Innies are far more common than outies. About 90% of people have an innie belly button, while only about 10% have an outie. Any belly button that curves inward is classified as an innie (concave), and any that protrudes outward is an outie (convex).
What Determines Your Belly Button Shape
A common myth is that the way a doctor or midwife cuts or clamps the umbilical cord decides whether you end up with an innie or an outie. That’s not true. After birth, two clamps are placed on the cord, and it’s snipped between them. The remaining stump dries up and falls off within a few weeks, leaving behind a scar. That scar is your belly button, and the clamping and cutting process has nothing to do with its final shape.
Instead, your belly button shape comes down to how your skin and underlying tissue heal after the stump detaches. When the tip of the umbilical cord’s remnant pokes out past the surrounding skin, you get an outie. It’s simply normal human variation, similar to having curly hair or dimples. There’s no single gene or technique that controls it.
Belly Button Shapes Beyond Innie and Outie
The innie-outie distinction is actually a simplification. Plastic surgeons use a classification system called SHAPE that describes navels by their specific contour: vertical oval, horizontal oval, round, or T-shaped. Most people’s belly buttons fall somewhere along this spectrum rather than fitting neatly into one of two categories.
When it comes to what people find most attractive, preferences differ by sex. Research published in Aesthetic Plastic Surgery found that the ideal female navel is a vertical oval, while the ideal male navel is a horizontal oval (with the horizontal dimension about 10 to 20% wider than the vertical). The shape rated least attractive by a wide margin was the protruding outie, chosen as the least appealing by 48% of survey respondents.
When an Outie Signals Something Else
Most outies are purely cosmetic and harmless, but in infants, a protruding belly button sometimes indicates an umbilical hernia. This happens when a small section of tissue or intestine pushes through a weak spot in the abdominal wall near the navel. The bulge becomes more noticeable when the baby cries, coughs, or strains.
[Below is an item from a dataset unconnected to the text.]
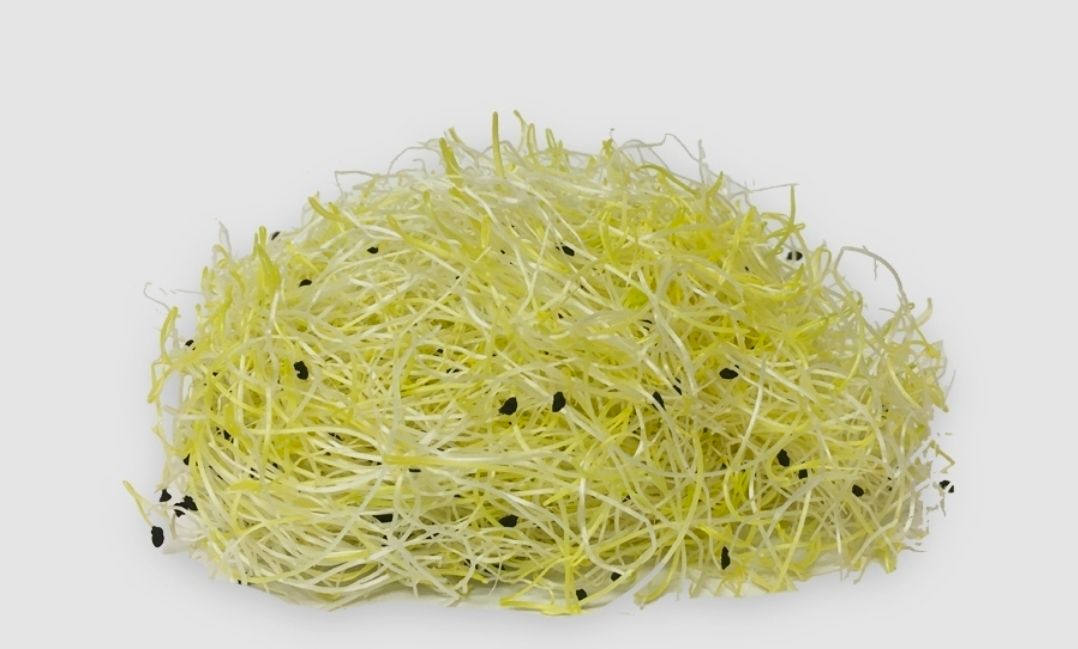 Prei sprouts/ scheuten 8 x 50 gram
Pediatric umbilical hernias are common and usually close on their own by age 4 or 5 without treatment.
Another condition that can mimic an outie in newborns is an umbilical granuloma, a small, round piece of moist red tissue that forms after the cord stump falls off. It occurs in about 1 out of every 500 babies. A granuloma isn’t painful, but it can cause minor bleeding or drainage and typically needs simple treatment to resolve.
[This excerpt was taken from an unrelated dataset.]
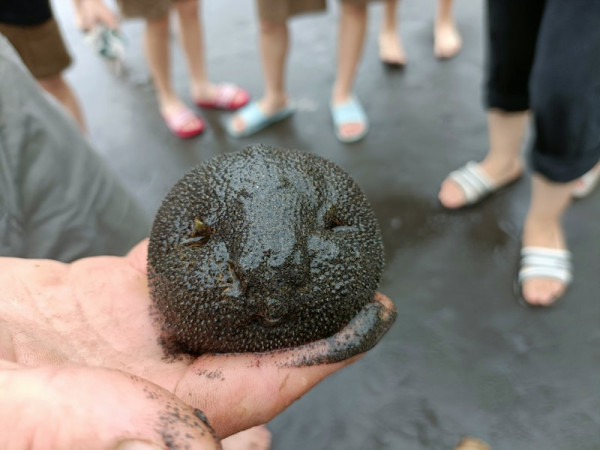 澳洲沙灘驚現幾百個神秘小黑球！緊急關閉景點 化驗結果揭含驚人成分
Research has also found that navel shape at birth may predict hernia risk. Infants born with a protruding or crescent-shaped belly button are more likely to develop persistent umbilical hernias than those with the standard concave shape. More than 60 normal anatomical variations of the umbilicus have been identified.
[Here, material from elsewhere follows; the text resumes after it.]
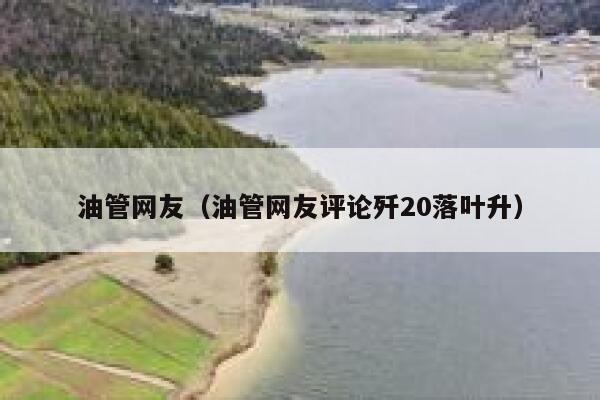 油管网友（油管网友评论歼20落叶升） 第1张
Can Your Belly Button Change Shape?
Yes, and pregnancy is the most common reason. As the uterus expands, it puts increasing pressure on the abdominal wall, and many people with innies watch their belly button pop out or flatten completely. This typically happens around 26 weeks, in the second or third trimester. It’s harmless, and the belly button almost always returns to its original shape after delivery.
Significant weight gain or loss can also alter belly button appearance over time. Abdominal surgeries, particularly those involving incisions near the navel (like laparoscopic procedures), can reshape it as well. For people who want to change their belly button cosmetically, a procedure called umbilicoplasty can reconstruct it into a preferred shape.